Exercise data
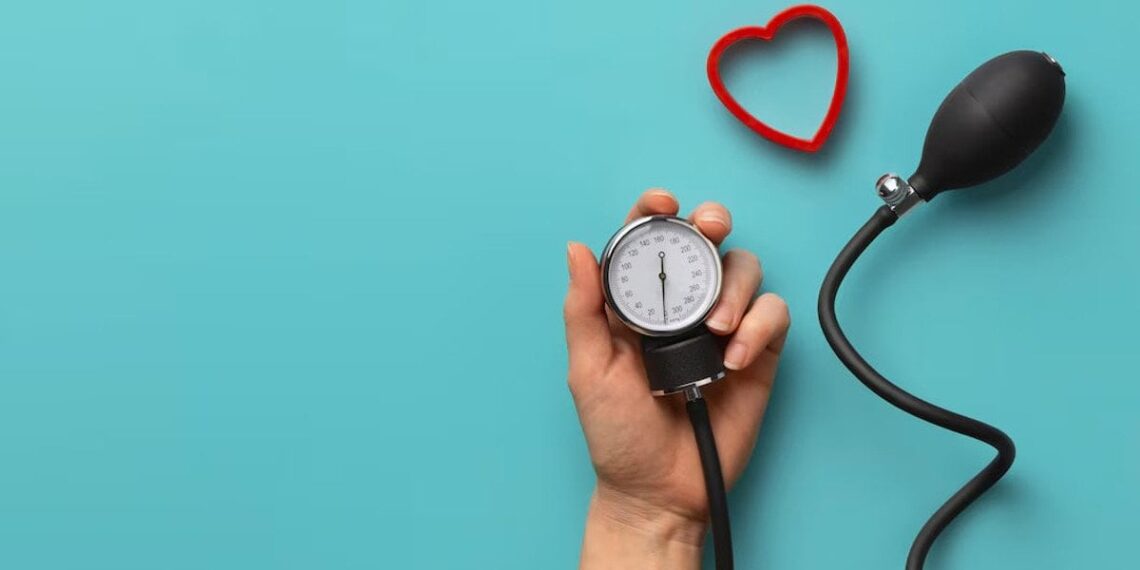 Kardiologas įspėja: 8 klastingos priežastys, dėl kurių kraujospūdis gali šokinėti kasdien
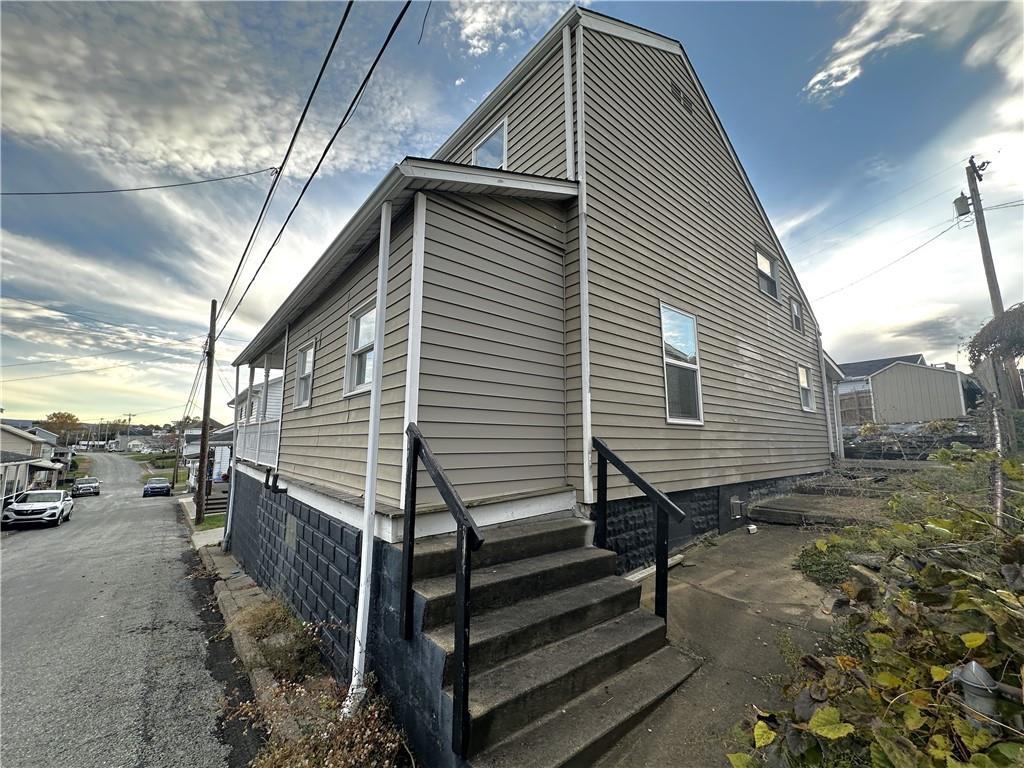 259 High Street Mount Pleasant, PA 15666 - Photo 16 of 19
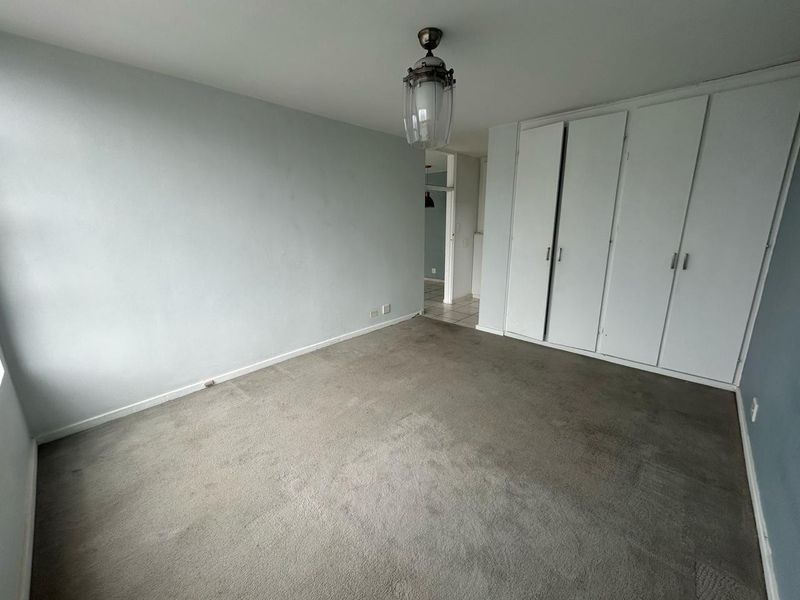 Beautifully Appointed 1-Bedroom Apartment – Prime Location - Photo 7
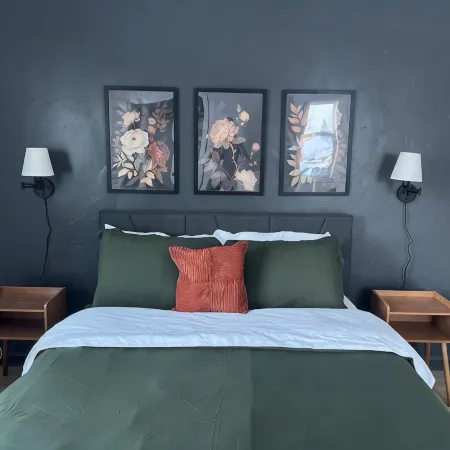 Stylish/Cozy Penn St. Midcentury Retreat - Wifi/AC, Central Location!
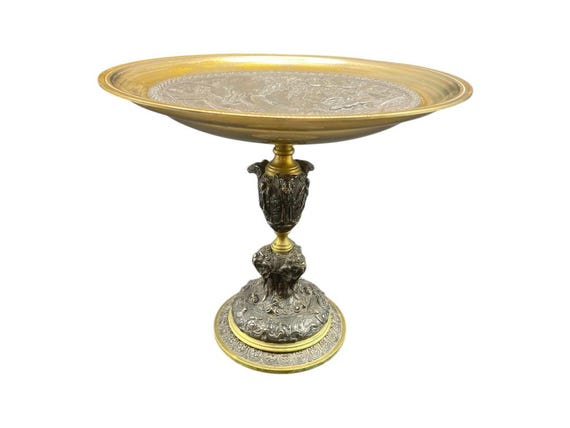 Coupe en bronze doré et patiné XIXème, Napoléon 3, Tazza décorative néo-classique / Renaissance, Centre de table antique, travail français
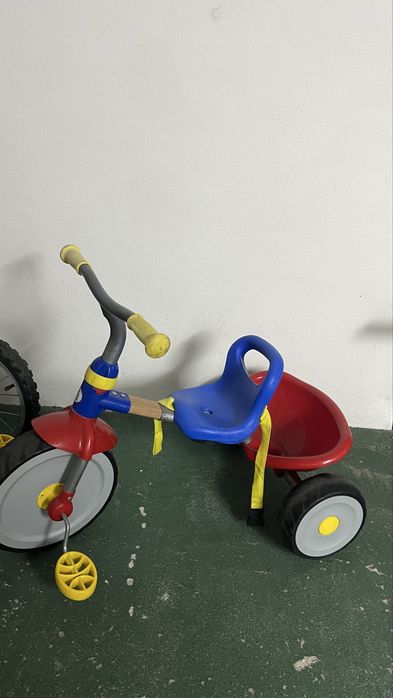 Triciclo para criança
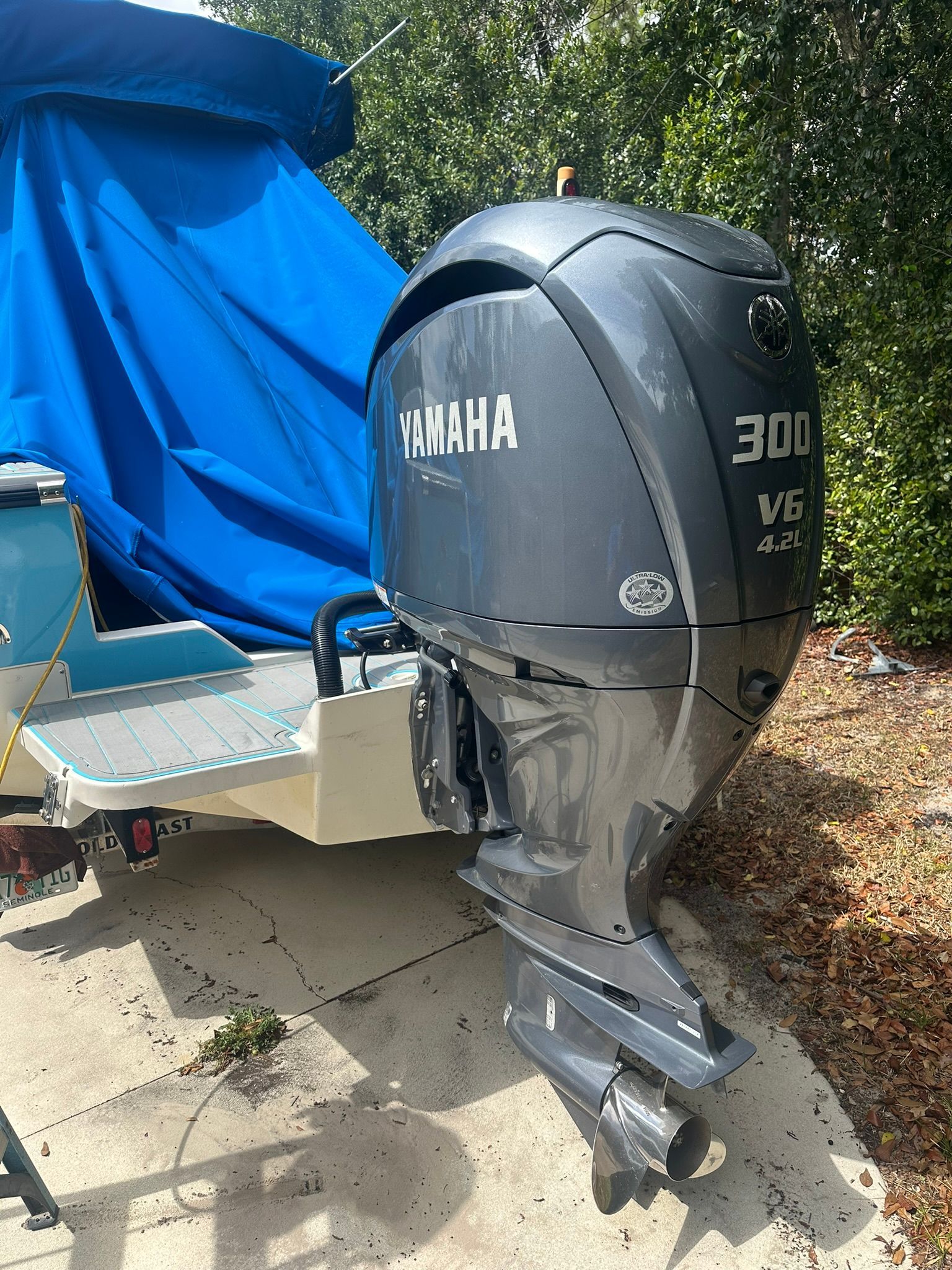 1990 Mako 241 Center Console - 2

Exercise
Everything from the line containing "Coupe en bronze" to the final line of the listing above, both ends included, should be transcribed word for word, except for the pictures.

Your response
 Coupe en bronze doré et patiné XIXème, Napoléon 3, Tazza décorative néo-classique / Renaissance, Centre de table antique, travail français
 Triciclo para criança
 1990 Mako 241 Center Console - 2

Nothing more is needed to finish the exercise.